» PROBLEM TO SOLVE: Restate word for word the lines of the records below, starting at the line that contains "6/0 Glass Seed Beads SEED-L011-08A-14-3" and ending at the line that contains "Tiger, Ranthambore National", with both of those lines included and nothing else.

(TASK INPUT Opens)

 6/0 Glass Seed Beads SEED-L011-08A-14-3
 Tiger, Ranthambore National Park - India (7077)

(TASK INPUT Closes)
(TASK INPUT Opens)

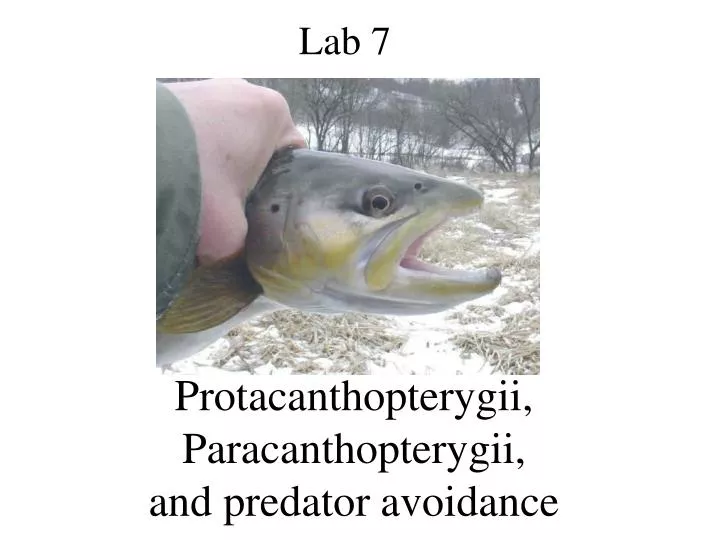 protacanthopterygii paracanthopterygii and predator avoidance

(TASK INPUT Closes)

» RESULT FOR THIS TASK:
 6/0 Glass Seed Beads SEED-L011-08A-14-3
 Tiger, Ranthambore National Park - India (7077)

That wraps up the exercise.